So the ideological imperative for devolution is not nationalism but the notion of a new common citizenship. Libertarian socialists want Wales to be a model "participatory democracy" that engages all its citizens. The strong Labour culture in Wales was founded in close communities and a style of politics that interacted comfortably with the local rugby club, the pensioners' club or the Labour club. All these remain relatively strong, but they are under challenge from more modern, individualistic lifestyles, the fragmentation of community life and social stress. People do not go down to the welfare hall for bingo as much as they did. Saturday night in the rugby club lounge is no longer the weekly meeting place for the whole village. So Labour must change, linking more effectively into other groups in civic society, such as school governors, and making more efforts to reach individuals through newsletters and house visits.

Labour will only continue to prosper in Wales if it charts a distinctive Welsh Third Way.

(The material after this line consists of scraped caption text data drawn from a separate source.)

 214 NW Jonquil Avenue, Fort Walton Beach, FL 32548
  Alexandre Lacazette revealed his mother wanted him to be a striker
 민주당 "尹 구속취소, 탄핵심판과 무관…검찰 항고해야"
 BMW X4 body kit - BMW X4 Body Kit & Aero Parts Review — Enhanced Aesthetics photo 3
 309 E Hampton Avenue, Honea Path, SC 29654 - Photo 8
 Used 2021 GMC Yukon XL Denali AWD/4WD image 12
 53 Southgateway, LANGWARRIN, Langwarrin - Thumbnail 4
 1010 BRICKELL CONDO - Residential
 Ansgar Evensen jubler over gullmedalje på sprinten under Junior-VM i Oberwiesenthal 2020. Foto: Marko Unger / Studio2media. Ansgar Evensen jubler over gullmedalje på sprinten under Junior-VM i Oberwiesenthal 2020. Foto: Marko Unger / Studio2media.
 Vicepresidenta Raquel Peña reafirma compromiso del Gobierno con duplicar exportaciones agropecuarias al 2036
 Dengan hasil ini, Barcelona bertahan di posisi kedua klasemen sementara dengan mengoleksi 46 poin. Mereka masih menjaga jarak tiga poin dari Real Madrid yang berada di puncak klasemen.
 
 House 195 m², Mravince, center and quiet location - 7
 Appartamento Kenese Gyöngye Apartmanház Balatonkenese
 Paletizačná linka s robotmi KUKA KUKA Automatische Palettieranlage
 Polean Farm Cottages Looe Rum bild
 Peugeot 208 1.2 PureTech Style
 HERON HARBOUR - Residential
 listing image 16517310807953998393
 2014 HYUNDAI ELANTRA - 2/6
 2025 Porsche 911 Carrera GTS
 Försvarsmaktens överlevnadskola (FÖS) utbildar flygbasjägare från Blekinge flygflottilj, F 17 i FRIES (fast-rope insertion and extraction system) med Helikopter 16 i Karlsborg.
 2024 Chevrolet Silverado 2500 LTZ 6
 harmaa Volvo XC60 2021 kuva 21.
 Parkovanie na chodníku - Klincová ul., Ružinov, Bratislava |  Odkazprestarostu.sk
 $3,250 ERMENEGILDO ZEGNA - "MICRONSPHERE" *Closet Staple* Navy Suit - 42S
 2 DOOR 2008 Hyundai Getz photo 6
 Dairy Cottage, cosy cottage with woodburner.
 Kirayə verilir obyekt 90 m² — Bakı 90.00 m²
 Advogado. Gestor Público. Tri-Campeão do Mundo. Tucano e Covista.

That means adopting a positive libertarian socialist platform that works in partnership with interest groups such as business, the trade unions, the voluntary sector and environmental organisations; that enhances rather than diminishes the role of local government and community councils; that is tolerant rather than tribal; and has a vision of a modern, self- confident Wales with a dynamic, high-quality economy and a culture that is proud of its past but not trapped in it.

If we can move in this direction, then not only will Wales succeed, but we could also help reinvigorate the Third Way and give it a fresh impetus and greater popular legitimacy across Britain.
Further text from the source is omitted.